One of my primary concerns is that, while DNA testing performed for medical reasons is protected by federal law, providing DNA to these consumer companies is not. In other words, many people believe that giving up their biological data to these companies is a private transaction with limits on data usage under HIPAA, and this is not true. Providing your DNA for some highly questionable weight loss benefit or to discover your grandmother’s place of birth is not a HIPAA-covered transaction, even if the private company sends you information that could be used as medical insight.
It is difficult to check on everything that may be happening to these oceans of DNA data collected over the years – especially now that private equity companies have started buying DNA repositories like Ancestry. But consumer protection publications analyze how the industry is treating the other consumer data collected by these businesses, and now we have a published example.
This year, Consumer Reports conducted a privacy study of 5 prominent consumer DNA testing companies, primarily examining how those companies treated consumers’ non-DNA collected information. Consumer Reports was not able to run blind tests on the treatment of DNA samples, so it examined what it could – the data collected at websites and by apps, and the data volunteered by consumers. CR found, “The companies’ services over-collect personal information about you and overshare some of your data with third parties. CR’s privacy experts say it’s unclear why collecting—and then sharing—much of this data is necessary to provide you the services they offer.”

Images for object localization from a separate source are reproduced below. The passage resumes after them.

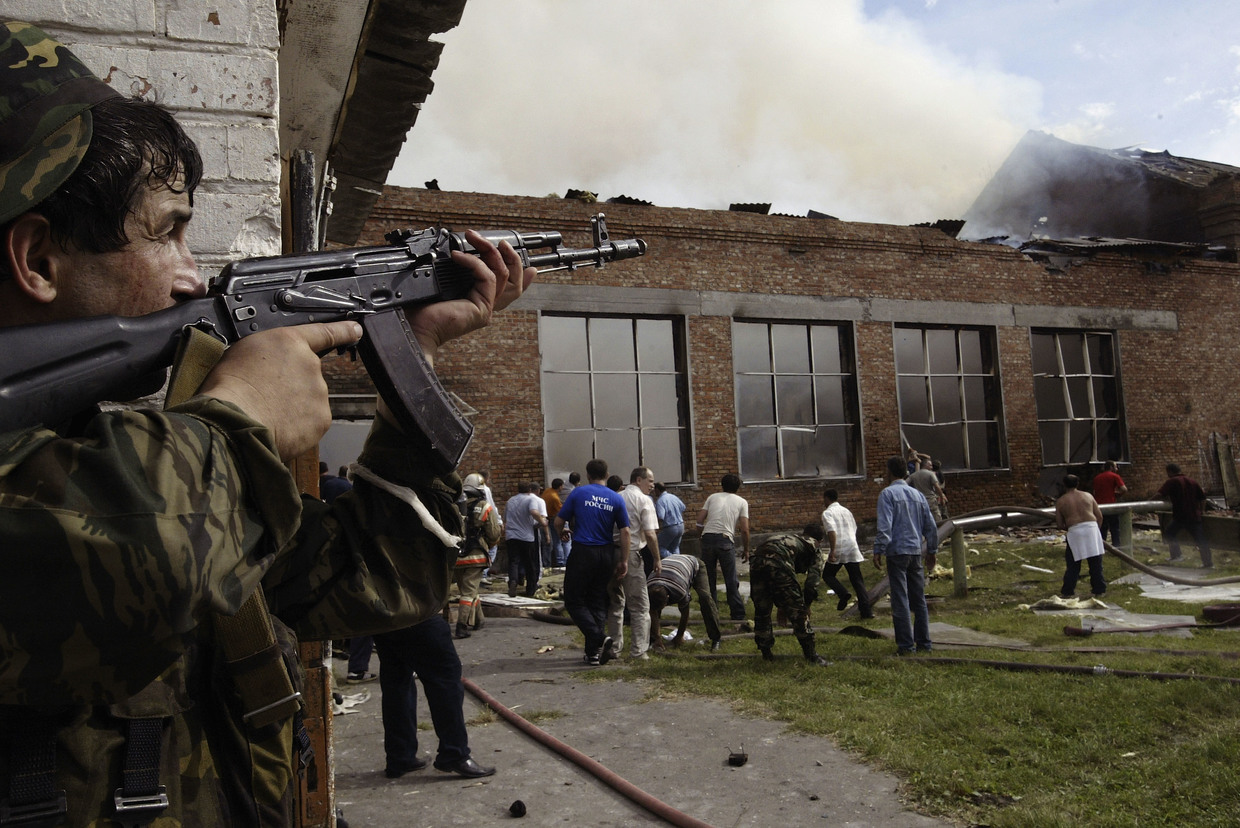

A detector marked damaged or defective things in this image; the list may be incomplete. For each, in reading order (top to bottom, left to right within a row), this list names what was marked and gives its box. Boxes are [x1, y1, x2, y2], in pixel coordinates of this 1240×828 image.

broken window [535, 317, 689, 485]
broken window [729, 322, 858, 478]
broken window [897, 324, 1001, 471]
broken window [1026, 332, 1125, 468]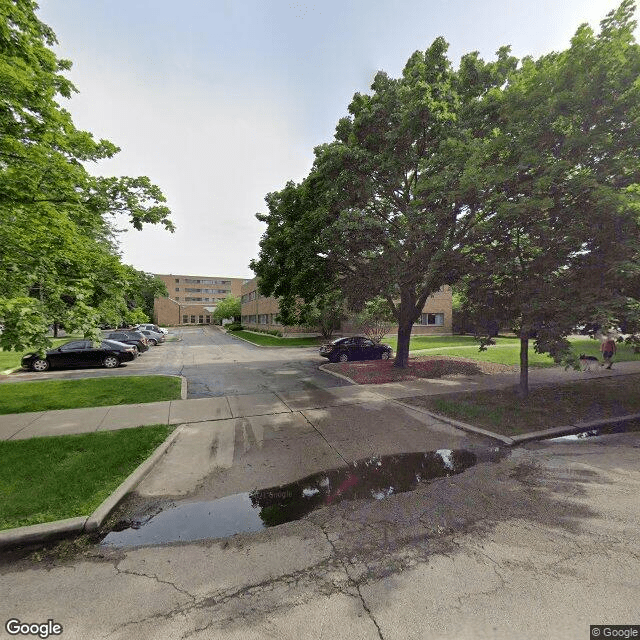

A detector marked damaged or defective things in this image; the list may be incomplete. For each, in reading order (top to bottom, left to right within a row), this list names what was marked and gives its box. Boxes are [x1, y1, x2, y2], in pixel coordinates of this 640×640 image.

cracked asphalt [1, 432, 640, 636]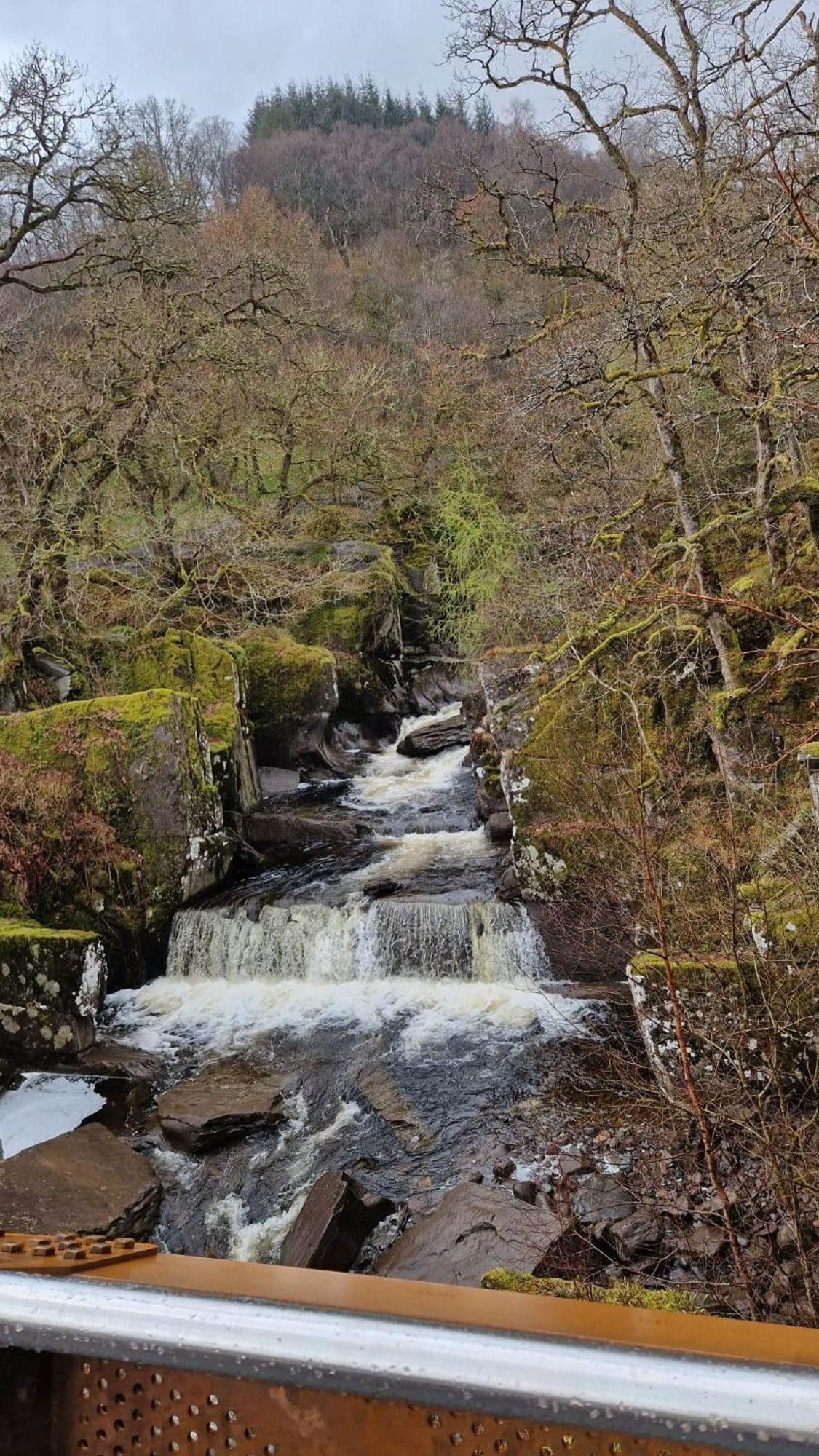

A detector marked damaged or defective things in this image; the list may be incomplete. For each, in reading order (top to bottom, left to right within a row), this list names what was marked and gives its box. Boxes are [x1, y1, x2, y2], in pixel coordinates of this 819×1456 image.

rusty metal beam [1, 1258, 815, 1450]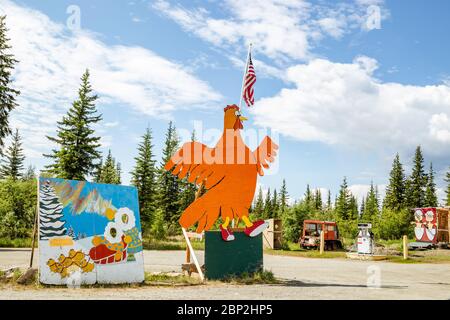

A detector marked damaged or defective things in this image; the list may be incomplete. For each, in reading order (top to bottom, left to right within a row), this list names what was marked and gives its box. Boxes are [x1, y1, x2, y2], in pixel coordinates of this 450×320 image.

rusty vehicle [300, 220, 342, 250]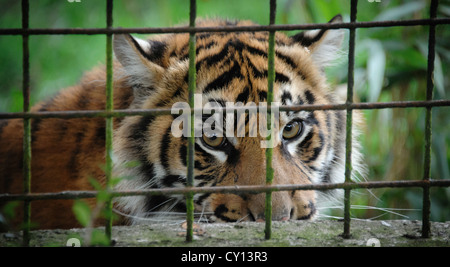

Consumer Reports submitted dog blood and saliva to five of the leading recreational DNA testing companies, allowing the editors to open accounts and investigate how the data was used. (All of the DNA companies noted that the samples could not be accurately processed.) Consumer Reports ran tests of each DNA company app and analyzed network traffic while accessing websites of the services. CR used this data to evaluate if the DNA companies’ behavior matched their privacy policies, finding that the DNA companies over-collected and over-shared non-DNA data from consumers and included potentially misleading expansive permissions when consumers opt in to research.
The investigators wrote: “We found in our testing that these apps potentially collect more data than could be needed to deliver their core service. We also found through our privacy-policy analysis that when consumers opt into "research," many are providing third-party access not only to their DNA but also to other types of data the company has about you, which can include information about your relatives and family history. And we learned through both testing and privacy-policy review that all of these companies share non-DNA data that could potentially be used to target ads and develop data profiles on consumers, with few obvious tools to help users protect their privacy.”
Consumers who may expect such data sales elsewhere, probably don’t anticipate blatant commercialism from sites actively seeking their DNA. Activity on these sites could reveal sensitive health conditions or other biological information that consumers do not expect to be shared with the highest bidders.